Content node matching The match engine receives queries and routes them to the right document database based on the document type. In the document database the query is passed straight to the Ready sub-database, where the searchable documents are. Based on information stored in the document meta store, the query is augmented with a blacklist that ensures only active documents can get a match.

Resizing

Resizing is orchestrated by the distributor, and happens gradually in the background. It uses a variation of the RUSH algorithms to distribute documents. Under normal circumstances it makes a minimal number of documents move when nodes are added or removed.
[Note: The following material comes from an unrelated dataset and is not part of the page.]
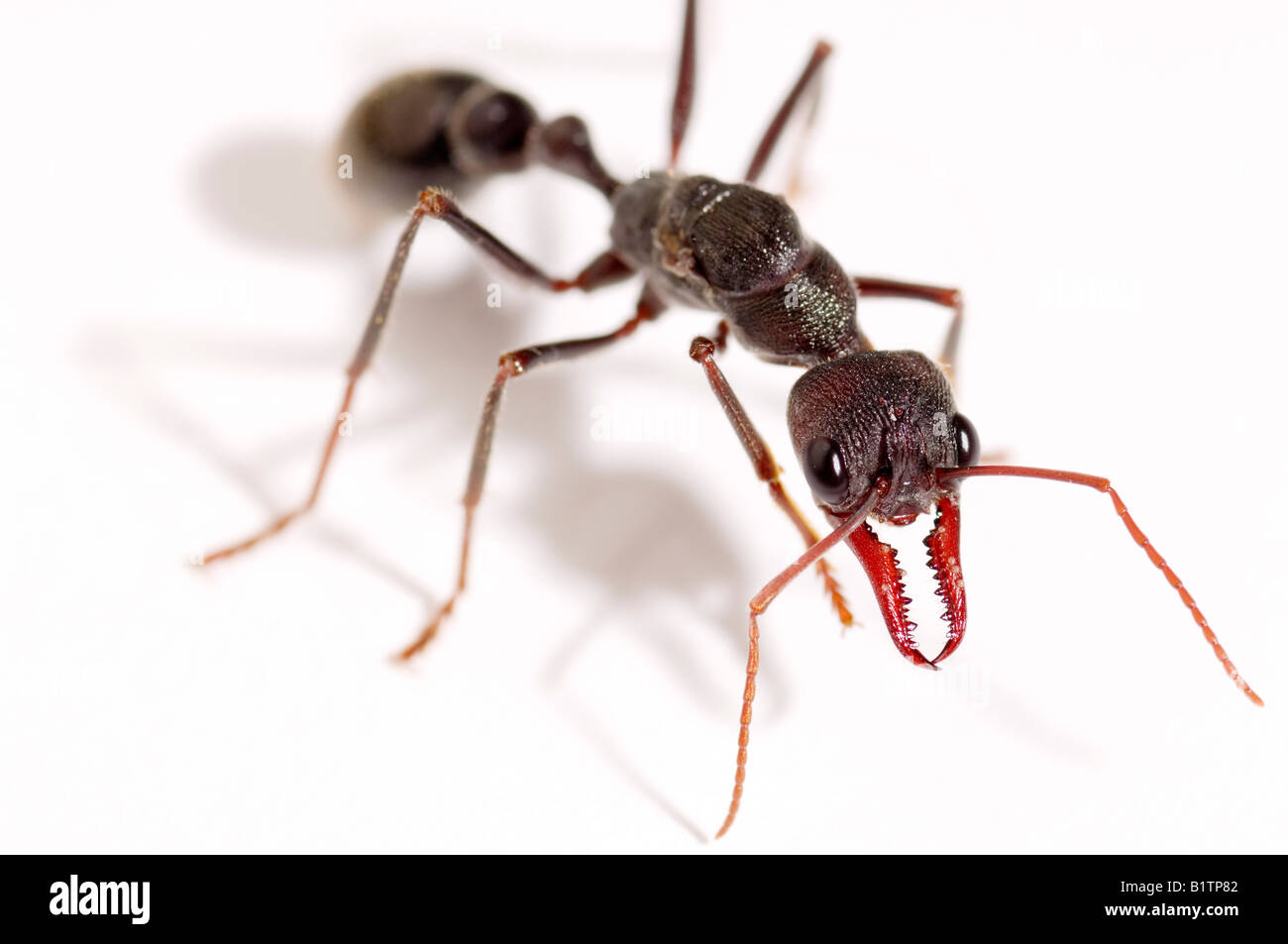 Australian bull ant Stock Photo Alamy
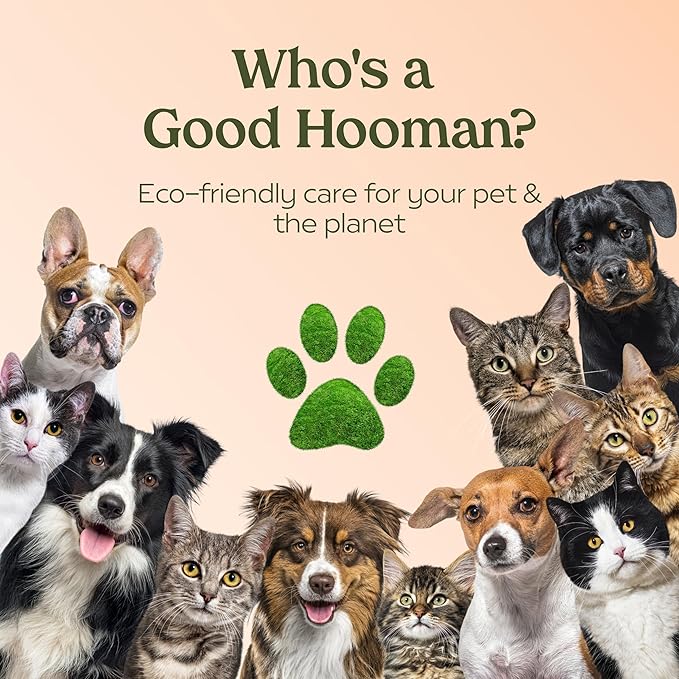 PAWFUME Dog Perfume Spray Long Lasting Scent for Grooming, Show Dog, 4-Pack – Keep Your Pup Fresh All Day – Hypoallergenic, Alcohol-Free, Detangling Formula – Moisturizing Pet Cologne Spray for Dogs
Modify the configuration to add/remove nodes, then deploy. Add an elastic content cluster to the application by adding a content element in services.xml. Documents are distributed over nodes with a configured redundancy.

Bucket distribution algorithm

Central to the ideal state distribution algorithm is the assignment of a node sequence to each bucket. The illustration shows how each bucket uses a pseudo-random sequence of numbers to derive the node sequence. The pseudo-random generator is seeded with the bucket id, so each bucket will always get the same sequence:

Each node is assigned a distribution-key, which is an index in the number sequence. The set of number/index pairs is sorted on descending numbers, and this new sequence of indexes determines which nodes the copies are placed on, with the first node being host to the primary copy, i.e. the active copy. This specification of where to place a bucket is called the bucket's ideal state.

Adding nodes

When adding a new node, new ideal states are calculated for all buckets. The buckets that should have a copy on the new node are moved, while the superfluous copies are removed. Redistribution example - add a new node to the system, with redundancy 2:

The distribution algorithm generates a random node sequence for each bucket. In this example with redundancy of two, the two copies sorted first will store copies of the data. The figure shows how random placement onto two nodes changes as a third node is introduced. The new node introduced takes over as primary copy for the buckets where it got sorted first in order, and as secondary copy for the buckets where it got sorted second. This ensures minimal data movement when nodes come or go, and allows capacity to be changed easily.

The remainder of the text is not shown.